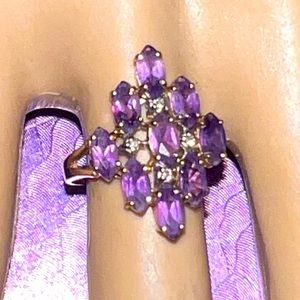 10K Gold Amethyst & Diamond Cluster Cocktail Ring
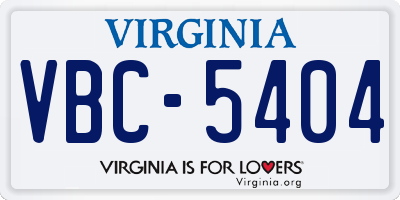 VA license plate VBC5404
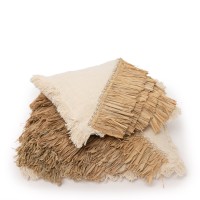 De Raffia Katoenen Kussenhoes - Naturel Wit - 60x60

# Instructions for the task:
Everything in the listing except the pictures must come back exactly as written.

# The answer:
 10K Gold Amethyst & Diamond Cluster Cocktail Ring
 VA license plate VBC5404
 De Raffia Katoenen Kussenhoes - Naturel Wit - 60x60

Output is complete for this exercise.